Arendt Gruben (links), Volker Kauder und Karl Rombach Zweiter von rechts) sowie Thorsten Frei (rechts) in der Tonhalle. Foto: Schück

Unionsfraktionschef Volker Kauder zu Industrie 4.0 und Brexit-Gefahr. "Schicksalsjahr" für Europa.

Schwarzwald-Baar-Heuberg - "Der Mittelstand steht vor Herausforderungen, ich glaube, dass er stark genug ist, das zu schaffen", meinte Volker Kauder in der Neuen Tonhalle in Villingen.

"Der Mittelstand ist das Rückgrat unserer Gesellschaft, die meisten Arbeitnehmer sind beim Mittelstand beschäftigt", sagte Kauder vor ungefähr 500 Gästen bei einer Sparkassenveranstaltung in der Neuen Tonhalle. Nicht um Gewinnmaximierung gehe es diesen familiengeführten Betrieben, wo nicht alle fünf Jahre der Manager ausgewechselt werde. Außerdem sei der Mittelstand gerade deswegen erfolgreich, weil er stark im Export innerhalb Europas engagiert sei, betont Kauder.

Das Jahr 2016 bezeichnet Kauder wegen des drohenden Austritts Großbritanniens als "Schicksalsjahr" für Europa. Ein Austritt bedeute zwar nicht das Ende Europas. "Aber wie das so ist in einer Familie, wenn der erste geht, geht bald der zweite. Volker Kauder ist aber durchaus zuversichtlich, "dass die Vernunft in wenigen Wochen gewinnt".

Er sprach von einem "tollen Bericht der Sparkassen" zum Thema Mittelstand. Und immerhin seien drei von vier mittelständischen Unternehmen Kunden der Sparkasse. Nur müssten wieder mehr Investitionen als Abschreibungen getätigt werden. Zur Zurückhaltung der Unternehmen diesbezüglich trügen sicherlich die außenpolitischen Bedingungen bei, so das Russland-Embargo, unter dem zum Beispiel die Medizintechnik in Tuttlingen und die Landwirtschaft litten.

Von den Asylbewerbern erwartet Volker Kauder, dass sie die Bauwirtschaft beleben.
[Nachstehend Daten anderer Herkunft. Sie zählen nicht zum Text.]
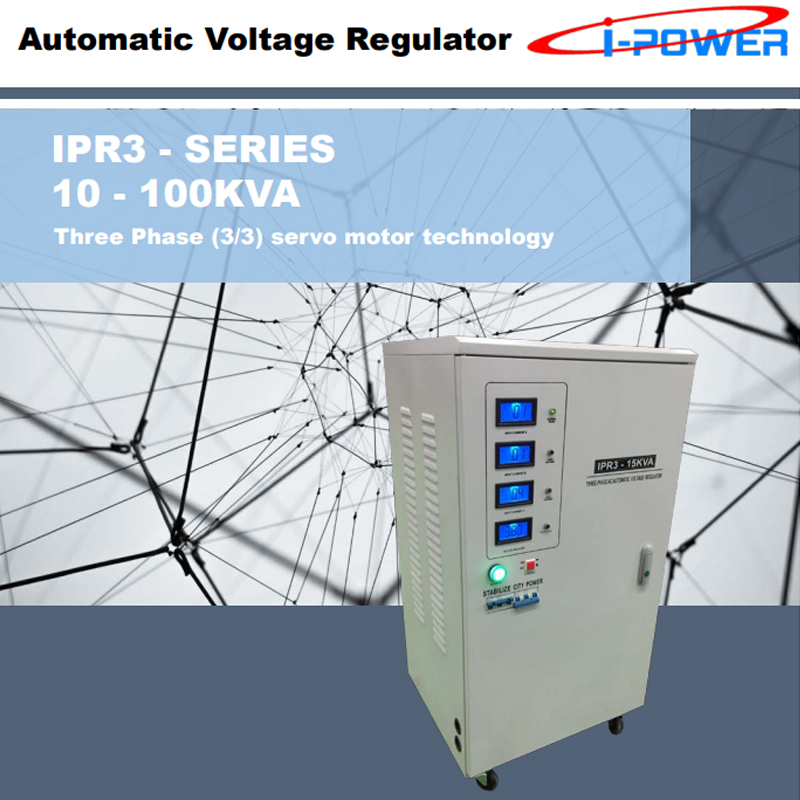IPR3 - Series 10-100KVA Automatic Voltage Regulator IPR3 - Series 10-100KVA Automatic Voltage Regulator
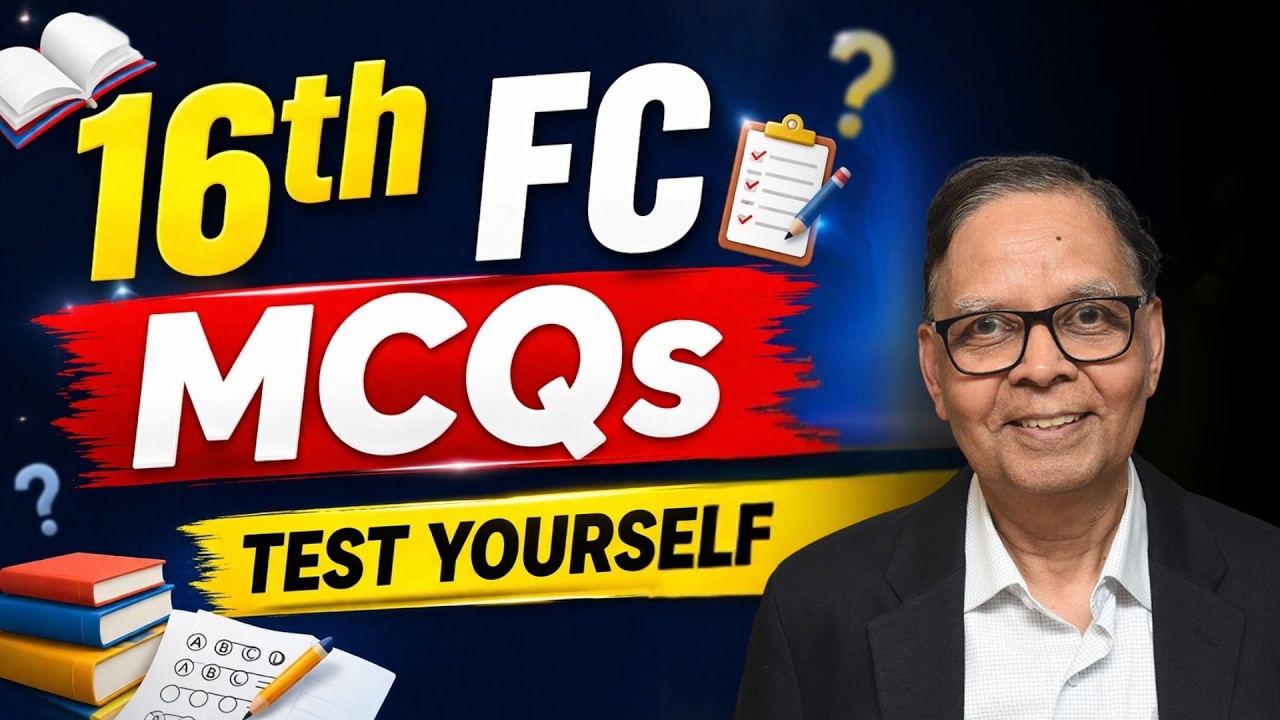 16th Finance Commission MCQs | Prelims Booster (UPSC/HCS)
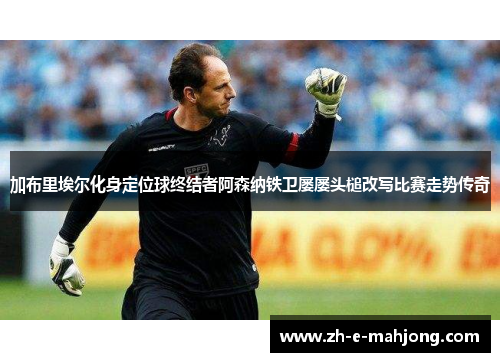 加布里埃尔化身定位球终结者阿森纳铁卫屡屡头槌改写比赛走势传奇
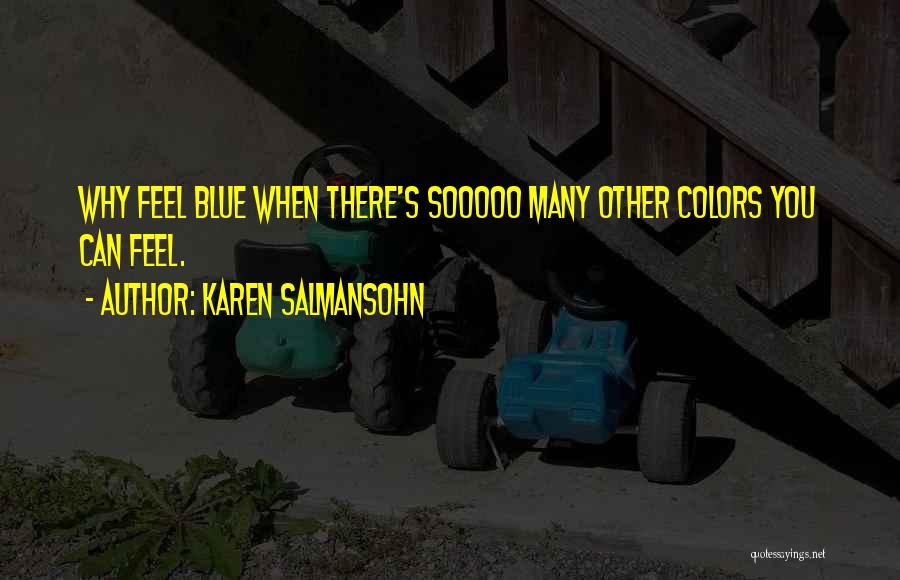 Feeling Blue Without You Quotes By Karen Salmansohn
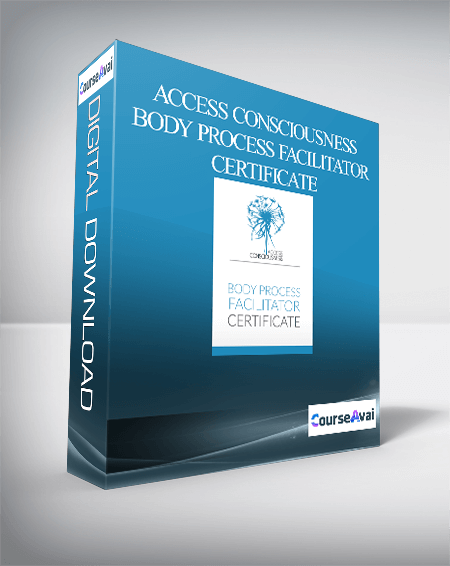 Access Consciousness - Body Process Facilitator Certificate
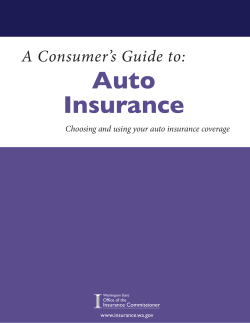 Auto Insurance A Consumer’s Guide to: Choosing and using your auto insurance coverage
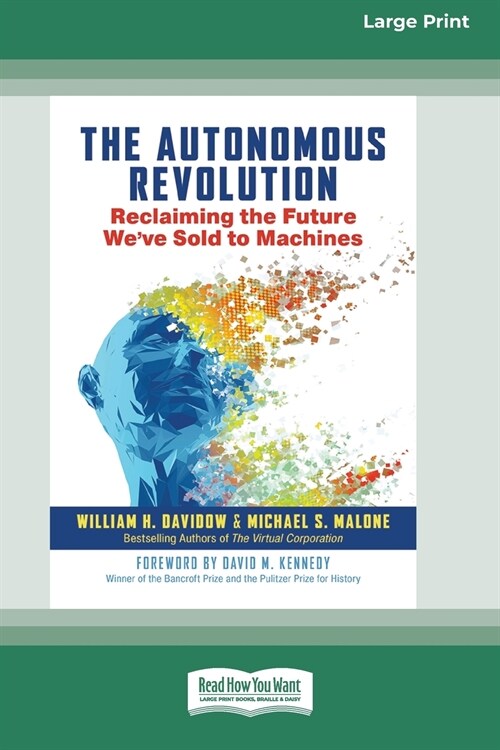 The Autonomous Revolution: Reclaiming the Future Weve Sold to Machines (16pt Large Print Edition) (Paperback)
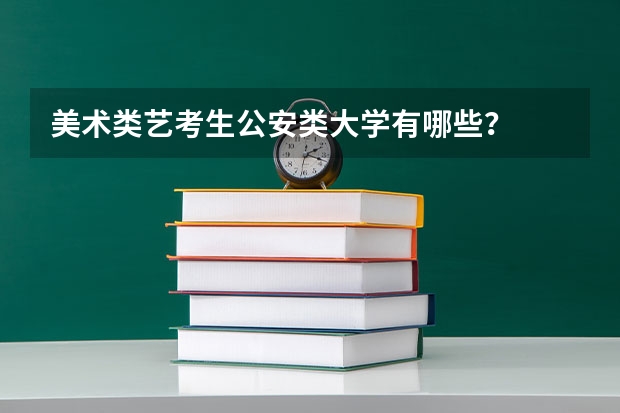 美术类艺考生公安类大学有哪些?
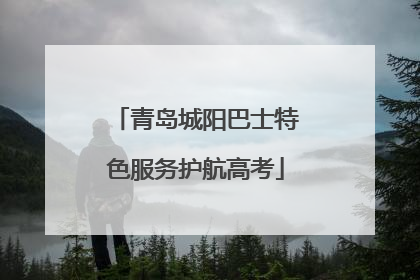 青岛城阳巴士特色服务护航高考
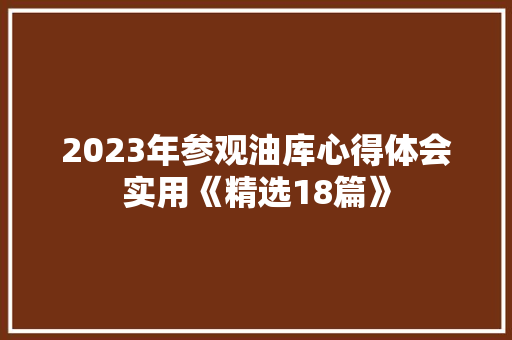 2023年参观油库心得体会实用《精选18篇》 办公写作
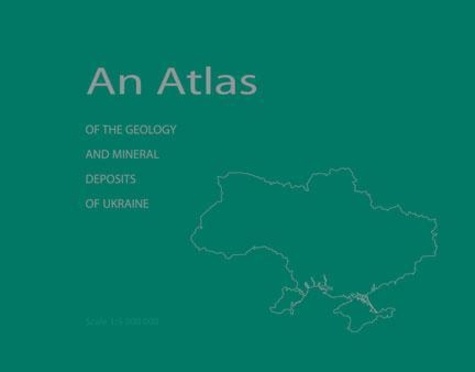  Utp - An Atlas of the Geology and Mineral Deposits of Ukraine.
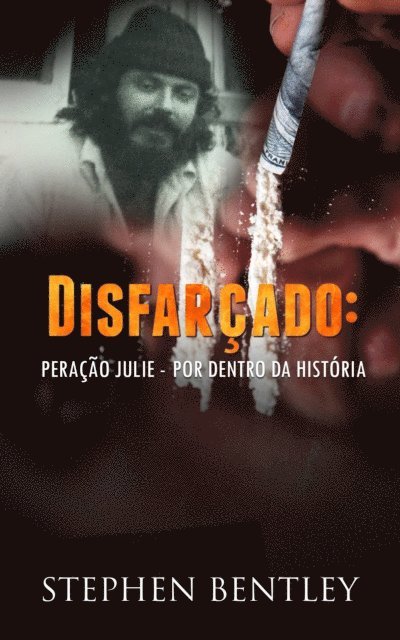 Stephen Bentley - Disfarçado: Operação Julie – por dentro da história, E-bok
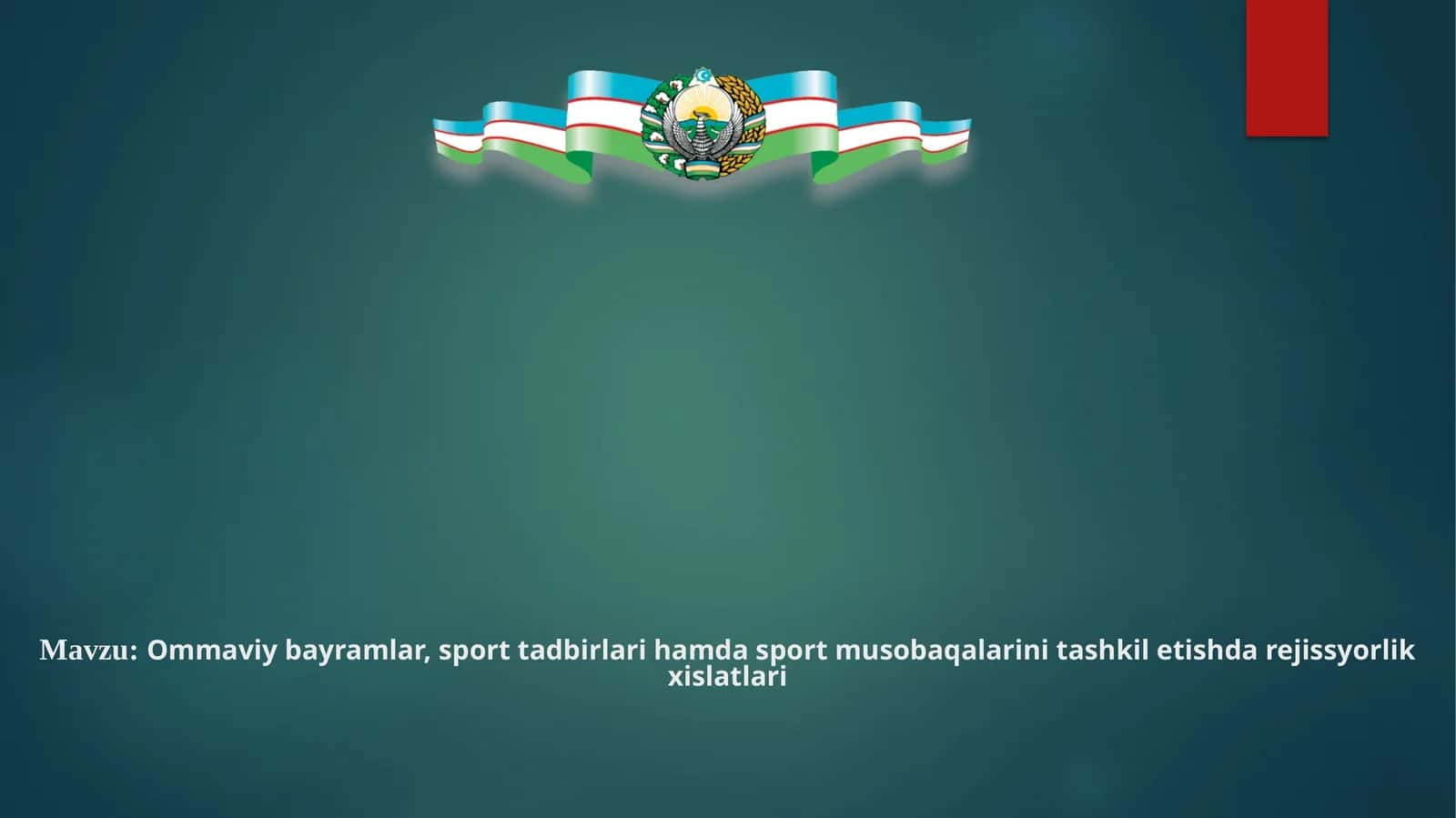 Ommaviy bayramlar, sport tadbirlari hamda sport musobaqalarini tashkil etishda rejissyorlik xislatlari 1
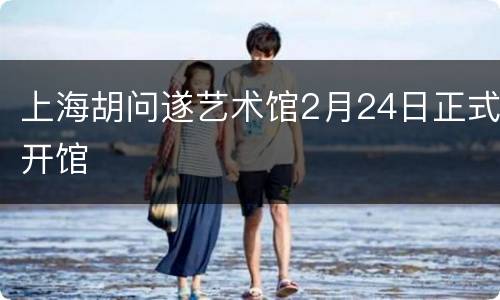 上海胡问遂艺术馆2月24日正式开馆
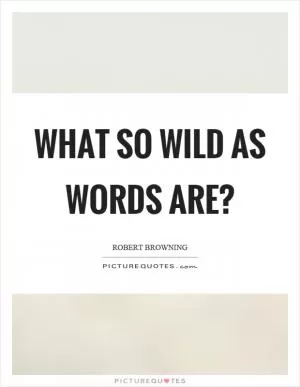 What so wild as words are? Picture Quote #1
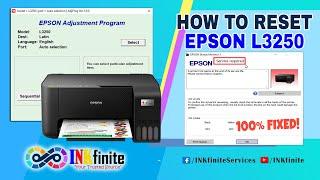 How to Reset EPSON L3250 Printer with Resetter  INKfinite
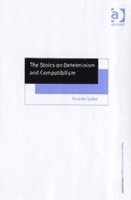 The Stoics on Determinism and Compatibilism 1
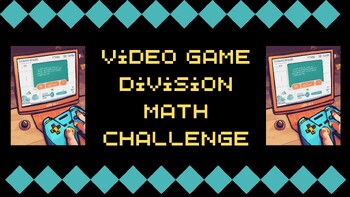 Preview of Video Game Division Math Challenge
Europas Grenzen müssten offen bleiben. "Natürlich kann man sagen: ›Der Erdogan ist das Letzte, aber es nutzt nichts, wenn ich nur noch mit denen rede, die ich super finde", so Volker Kauder. Und er meint: "Der Türkendeal ist gut und erfolgreich".

Zu bedenken gab er, dass 60 Millionen Menschen in Afrika auf der Flucht seien. Hier müsse Entwicklungshilfe geleistet werden, der Mittelstand solle die Chancen in Afrika sehen. Das System in Ägypten gelte es vor einem Kollaps zu bewahren.

Das Freihandelsabkommen

TTIP, so ist Kauder überzeugt, "brauchen wir". Außerdem verhandelten die Amerikaner gerade mit den Chinesen über ein ähnliches Abkommen, und man müsse befürchten, dass dessen Resultate dann auch für Europa gälten.

Industrie 4.0 oder "Gesellschaft 4.0" bewertet der Christdemokrat als "schwieriges Thema". Es bedeute zum Beispiel, dass das Autohaus den Ölstand im Voraus wisse und auch sagen könne, ob die Bremsen abgefahren seien, ohne das überprüfen zu müssen. "Bald wissen sie dann auch meinen Kontostand", befürchtet Kauder.

Und er brachte ein weiteres plastisches Bild: "Industrie 4.0, das ist, wenn der Kühlschrank Peter Altmaier sagt, was er essen darf und was nicht." Datensicherheit nennt er als ein Problem, das es im Zusammenhang mit Industrie 4.0 zu lösen gelte.

Einige Mittelständler hätten noch nicht gemerkt, dass das eine große Herausforderung darstelle.